Art Grimm writes "Movie studios want to punish legitimate customers for legally purchasing content, while the real pirates go right on stealing. ZDNet's George Ou writes: "There seems to be a persistent myth floating around the board rooms of the movie companies and Congress that analog content is the boogie man of music and video piracy. In fact, they're so paranoid about it that they're considering a mechanism called ICT (Image Constraint Token) that punishes law-abiding customers for content that they legally purchased. But ironically, the real content pirates who make millions of bootleg movies have no intention of ever taking advantage of the so called "analog hole" because that is the slowest and lowest quality method of stealing content.""

4 of 314 comments (clear)

  1. Bootlegs often aren't bit-by-bit by gbulmash · · Score: 4, Informative

    I don't know what research the author of TFA has done on bootleg DVDs, but I've seen a few a friend brought back from Thailand.

    The ones that hit the street before even the US release of the DVD are either from a video camera in the theater or from copying a screener. Often you can see the screener warnings while watching the movie.

    Additionally, to serve an Asian market, many have had additional Asian subtitles added and then were recompressed, causing quality to diminish.

    Bit-by-bit copies are fine and good in theory, but that's for discs already in release, serving the languages for which the discs already have subtitles or alternative soundtracks. But by then, there's already been a brisk trade in bootlegs those films.

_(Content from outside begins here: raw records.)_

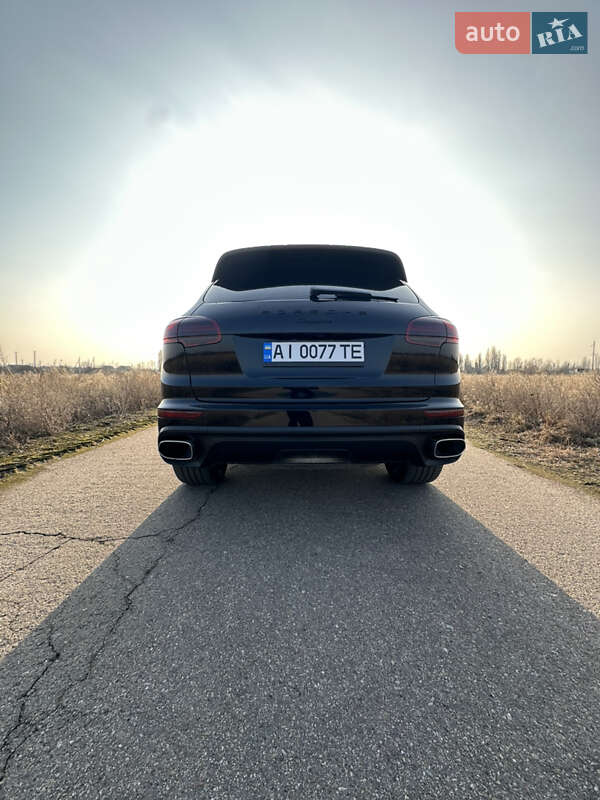Внедорожник / Кроссовер Porsche Cayenne 2015 в Мироновке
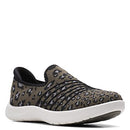 CLARKS WOMEN'S ADELLA STEP SNEAKER DARK OLIVE SIZE 8 - Like New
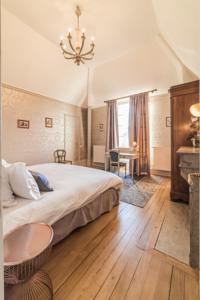 Appartement Les Demoiselles a Versailles - La Maison Particuliere : photos des chambres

    Yes, the analog hole is inefficient and not the best way to copy something. It's merely an example of how a determined pirate can still get around most DRM. It's like protecting graphics on the web. You can disable right clicking, do odd things with MIME types, etc. But in the end, all someone needs to do is capture the screen and crop out the image.

    Long and short, DRM and copy protection stops casual copiers. But dedicated copiers, if left with no other alternative, still have the analog hole as a last resort. And once one dedicated copier puts something on the file sharing nets...

    1. Re:Bootlegs often aren't bit-by-bit by Mprx · · Score: 3, Informative

      You're doing it wrong. It's 100% possible to get bit identical copies of audio CDs. Use correctly configured good CD ripping software such as Exact Audio Copy and a high quality drive, and there is no generational loss. I've tested this myself, and the CDRs rip to bit identical wavs to the original CDs. (The error correction isn't guaranteed bit identical, but it gets regenerated each generation, so it doesn't matter).

  2. Re:Analog over digital any day for me... by HTL2001 · · Score: 3, Informative

    I had a phone that was capable of analog on verizon... it sucked the battery dry ~5x faster than digital, even while not making calls....

    --
    By reading this, you have given me brief control of your mind.
  3. But it's important to keep in mind... by O'Laochdha · · Score: 4, Informative

    That this "penalty" is only a decrease in resolution. Unless they have a gigantic TV, in which case my guess would be that they could afford the better technology, the average Joe won't notice unless he's specifically looking for it.